Jorgenson noted that what applied at the level of the overall US economy also applies at the level of individual industries: 'The perspective on US economic growth suggested by the results… emphasises the contribution of mobilisation of resources within individual industries rather than productivity growth. The explanatory power of this perspective is overwhelming at the sectoral level. For 46 of the 51 industrial sectors… the contribution of intermediate, capital and labour inputs is the predominant source of output growth.'[14]

As Jorgenson concluded in his comprehensive 2009 survey of The Economics of Productivity: 'Turning to the sources of the US growth acceleration after 1995, Jorgenson, Ho, Samuels and Stiroh… find that the contribution of capital input was by far the most important.' Considering post-World Ear II economic development as a whole Jorgenson similarly concluded in his 2009 survey: 'Although the role of innovation is often described as the predominant source of economic growth, the growth of productivity was far less important than the contributions of capital and labour inputs to US economic growth.'

Intermediate inputs and the division of labour

One of the advances in modern econometric techniques that has been introduced is the ability to attribute US economic growth to individual industries.

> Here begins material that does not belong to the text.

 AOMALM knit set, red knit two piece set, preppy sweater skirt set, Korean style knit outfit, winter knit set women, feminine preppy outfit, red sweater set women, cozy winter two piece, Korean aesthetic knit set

Such analysis necessarily involves analysing intermediate inputs into individual sectors as well as the overall contribution of capital and labour inputs to economic growth.

In this regard one of the most important of findings, from the point of view of considerations analysed above, was that regarding intermediate inputs – i.e. inputs into one industry from another.

As Jorgenson noted: 'For each sector, intermediate input is represented as a function of deliveries from all other sectors.' The conclusion of such analysis is that: 'The sum of contributions of intermediate, capital, and labour inputs is the predominant source of growth of output… Comparing the contribution of intermediate input with other sources of output growth demonstrates that this input is by far the most significant source of growth. The contribution of intermediate input exceeds productivity growth and the contributions of capital and labour inputs. If we focus attention on the contributions of capital and labour inputs alone, excluding intermediate input from consideration, these two inputs are a more important source of growth than changes in productivity.' [emphasis added] Analysing 51 US industrial sectors Jorgenson, working with Gollop and Fraumeni, found that intermediate inputs were the largest source of growth in 37 of these.[15]

The economic significance of this finding is evident and relates directly to issues discussed earlier.The most important single source of economic growth is the increase in deliveries from other sectors – an economic consequence of growth of division of labour. That is, Jorgenson quantitatively confirmed from the flows within the US economy itself that which is also evident, with lower degrees of statistical exactitude, in studies at the international level of process of globalisation – i.e. a process of increase in division of labour through international deliveries.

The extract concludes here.